To optimise the use of limited land and landfill space and address the scarcity of land for waste facilities, the NEA has called for a tender in April 2012 to look into an Integrated Waste Management Facility (IWMF). NEA will be appointing a consultant to conduct engineering and consultancy studies to develop the conceptual design of the IWMF, and to recommend engineering design and technology options to optimise resource and energy recovery from waste.
A Pneumatic Refuse Conveyance System (PRCS) will also be implemented at Marina Bay district by 2015. As the population in Singapore grows, a district PRCS presents an important solution to improve the quality of environment in a high-density setting. PRCS is an automated waste collection system. Refuse is conveyed by air suction through a network of pipes to a central location for collection. PRCS is being increasingly adopted as a sustainable solution for waste collection in cities such as Hammarby Sjöstad in Stockholm and the Sino-Singapore Tianjin Eco-city. It can potentially transform waste collection services from a low-skilled, dirty, labour-intensive activity to a high-skilled, clean and high productivity one.
NEA will also be working with the Waste Management and Recycling Association of Singapore (WMRAS) to form three workgroups to identify areas for further improvements in the areas of standards and productivity, work safety framework and adoption of innovation and technology.
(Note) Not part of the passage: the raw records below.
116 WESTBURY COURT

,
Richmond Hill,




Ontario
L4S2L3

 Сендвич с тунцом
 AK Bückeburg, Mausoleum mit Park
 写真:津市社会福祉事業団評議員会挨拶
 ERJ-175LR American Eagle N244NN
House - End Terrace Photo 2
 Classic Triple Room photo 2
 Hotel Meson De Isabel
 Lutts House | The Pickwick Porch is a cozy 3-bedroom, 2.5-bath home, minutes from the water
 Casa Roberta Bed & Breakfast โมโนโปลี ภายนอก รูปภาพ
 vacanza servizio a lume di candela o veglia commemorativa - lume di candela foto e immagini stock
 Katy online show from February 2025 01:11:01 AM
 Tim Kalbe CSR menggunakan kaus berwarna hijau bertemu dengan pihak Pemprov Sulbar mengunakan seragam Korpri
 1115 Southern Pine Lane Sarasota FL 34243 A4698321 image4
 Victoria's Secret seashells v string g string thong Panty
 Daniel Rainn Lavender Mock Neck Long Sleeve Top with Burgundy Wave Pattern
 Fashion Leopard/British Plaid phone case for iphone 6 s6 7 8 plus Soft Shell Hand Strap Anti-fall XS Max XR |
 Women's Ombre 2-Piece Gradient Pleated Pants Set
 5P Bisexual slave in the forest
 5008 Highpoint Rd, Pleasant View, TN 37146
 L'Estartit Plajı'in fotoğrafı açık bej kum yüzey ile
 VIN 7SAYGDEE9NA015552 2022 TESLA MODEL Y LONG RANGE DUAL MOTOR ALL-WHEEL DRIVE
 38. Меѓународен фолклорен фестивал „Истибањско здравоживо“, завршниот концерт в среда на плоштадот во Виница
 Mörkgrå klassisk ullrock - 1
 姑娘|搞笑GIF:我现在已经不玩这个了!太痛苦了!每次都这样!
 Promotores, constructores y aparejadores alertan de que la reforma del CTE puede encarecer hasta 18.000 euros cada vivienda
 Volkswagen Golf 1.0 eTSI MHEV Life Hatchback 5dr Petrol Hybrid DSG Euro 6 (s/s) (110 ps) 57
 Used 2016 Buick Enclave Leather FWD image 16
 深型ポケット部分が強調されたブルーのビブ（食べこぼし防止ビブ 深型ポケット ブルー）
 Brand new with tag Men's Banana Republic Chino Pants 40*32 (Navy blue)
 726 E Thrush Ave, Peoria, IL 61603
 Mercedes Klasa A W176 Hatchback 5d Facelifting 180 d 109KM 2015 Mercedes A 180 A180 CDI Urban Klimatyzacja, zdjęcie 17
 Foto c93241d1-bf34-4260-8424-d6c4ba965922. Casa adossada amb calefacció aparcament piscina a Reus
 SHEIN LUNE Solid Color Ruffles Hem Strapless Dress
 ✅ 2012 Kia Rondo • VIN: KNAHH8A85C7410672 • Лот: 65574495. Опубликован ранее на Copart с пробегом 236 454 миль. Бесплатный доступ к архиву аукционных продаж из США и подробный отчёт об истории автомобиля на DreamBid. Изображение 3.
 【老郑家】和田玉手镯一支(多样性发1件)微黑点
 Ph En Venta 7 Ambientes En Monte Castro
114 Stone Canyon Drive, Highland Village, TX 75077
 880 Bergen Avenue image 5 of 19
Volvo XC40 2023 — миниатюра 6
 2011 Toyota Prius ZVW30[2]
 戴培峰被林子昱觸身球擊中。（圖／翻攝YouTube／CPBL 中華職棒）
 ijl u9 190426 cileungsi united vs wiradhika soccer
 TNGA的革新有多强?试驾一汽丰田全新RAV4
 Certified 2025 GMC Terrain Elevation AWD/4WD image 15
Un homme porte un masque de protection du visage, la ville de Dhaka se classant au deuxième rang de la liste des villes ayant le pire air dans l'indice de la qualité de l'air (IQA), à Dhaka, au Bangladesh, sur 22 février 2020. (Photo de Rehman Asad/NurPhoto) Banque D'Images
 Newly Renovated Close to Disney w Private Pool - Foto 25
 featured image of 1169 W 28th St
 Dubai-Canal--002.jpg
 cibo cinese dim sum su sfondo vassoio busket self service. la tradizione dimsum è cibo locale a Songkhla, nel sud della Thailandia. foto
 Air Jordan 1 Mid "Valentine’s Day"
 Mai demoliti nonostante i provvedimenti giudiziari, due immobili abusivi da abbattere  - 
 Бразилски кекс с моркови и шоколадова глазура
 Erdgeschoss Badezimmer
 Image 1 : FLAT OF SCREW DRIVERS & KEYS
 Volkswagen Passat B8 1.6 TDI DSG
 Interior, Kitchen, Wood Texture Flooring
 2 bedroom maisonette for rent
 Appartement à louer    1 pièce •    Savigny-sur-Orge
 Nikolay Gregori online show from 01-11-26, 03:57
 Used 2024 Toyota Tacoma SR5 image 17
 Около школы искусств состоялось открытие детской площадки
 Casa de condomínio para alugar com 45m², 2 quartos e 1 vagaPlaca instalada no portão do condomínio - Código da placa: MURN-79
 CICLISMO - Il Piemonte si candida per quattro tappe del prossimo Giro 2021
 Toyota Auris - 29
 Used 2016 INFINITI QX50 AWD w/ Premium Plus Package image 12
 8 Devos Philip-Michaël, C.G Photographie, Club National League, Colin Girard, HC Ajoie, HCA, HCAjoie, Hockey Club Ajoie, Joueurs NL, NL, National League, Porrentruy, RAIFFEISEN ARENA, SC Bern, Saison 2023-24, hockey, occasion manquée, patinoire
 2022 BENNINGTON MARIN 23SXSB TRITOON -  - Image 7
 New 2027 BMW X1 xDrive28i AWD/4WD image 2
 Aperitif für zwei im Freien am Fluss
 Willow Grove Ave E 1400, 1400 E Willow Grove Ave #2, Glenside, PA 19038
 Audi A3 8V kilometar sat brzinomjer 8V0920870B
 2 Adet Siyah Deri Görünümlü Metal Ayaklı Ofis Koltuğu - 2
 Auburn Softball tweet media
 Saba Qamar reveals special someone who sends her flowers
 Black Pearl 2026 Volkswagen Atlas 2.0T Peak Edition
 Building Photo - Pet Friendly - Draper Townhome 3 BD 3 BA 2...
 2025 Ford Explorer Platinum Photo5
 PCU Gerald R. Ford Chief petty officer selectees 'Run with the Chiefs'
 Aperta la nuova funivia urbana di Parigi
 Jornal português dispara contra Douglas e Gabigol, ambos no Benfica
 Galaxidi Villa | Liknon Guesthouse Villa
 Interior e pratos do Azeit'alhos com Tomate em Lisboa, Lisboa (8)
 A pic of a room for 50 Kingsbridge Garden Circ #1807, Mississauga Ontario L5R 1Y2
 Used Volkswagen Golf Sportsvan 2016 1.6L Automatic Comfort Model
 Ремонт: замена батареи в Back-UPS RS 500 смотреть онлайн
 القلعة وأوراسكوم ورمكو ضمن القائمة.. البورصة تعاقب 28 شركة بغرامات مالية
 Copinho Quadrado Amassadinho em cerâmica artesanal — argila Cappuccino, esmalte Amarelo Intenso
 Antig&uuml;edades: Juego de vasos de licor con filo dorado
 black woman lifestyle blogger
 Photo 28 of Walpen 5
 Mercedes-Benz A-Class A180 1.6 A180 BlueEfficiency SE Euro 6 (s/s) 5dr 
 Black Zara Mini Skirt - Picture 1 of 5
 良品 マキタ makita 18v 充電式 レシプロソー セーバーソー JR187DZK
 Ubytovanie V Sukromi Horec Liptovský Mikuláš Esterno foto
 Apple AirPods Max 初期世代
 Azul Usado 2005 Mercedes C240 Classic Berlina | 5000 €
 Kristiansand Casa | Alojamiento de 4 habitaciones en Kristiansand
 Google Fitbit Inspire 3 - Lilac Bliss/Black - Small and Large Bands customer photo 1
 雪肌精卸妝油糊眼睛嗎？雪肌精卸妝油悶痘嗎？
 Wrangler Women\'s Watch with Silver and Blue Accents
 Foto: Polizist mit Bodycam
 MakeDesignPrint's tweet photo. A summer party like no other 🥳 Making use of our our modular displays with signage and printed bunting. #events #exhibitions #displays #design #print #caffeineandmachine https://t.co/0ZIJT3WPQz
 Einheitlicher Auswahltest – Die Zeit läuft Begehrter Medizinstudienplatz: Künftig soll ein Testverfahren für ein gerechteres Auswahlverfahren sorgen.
This would further raise service standards and improve productivity of the industry as a whole.
Better service standards for public waste collection
In the new PWC contracts, households can look forward to a cleaner environment through improved service standards, such as through the use of quieter and cleaner vehicles and compactors. PWCs will be able to respond more quickly to public feedback through a 24-hour customer service hotline. The PWCs will also be providing better recycling infrastructure such as recycling bins of standardised design for each HDB block. Households can also look forward to new incentive schemes for recycling offered by the PWCs.
Mr Andrew Tan, CEO of NEA said, “The consolidation of the waste management industry will allow us to raise the overall standards, skills and productivity of the waste collection sector while ensuring efficiency and affordability. It will benefit households, the industry players, and workers in this sector as we move towards a more sustainable waste management system in Singapore.”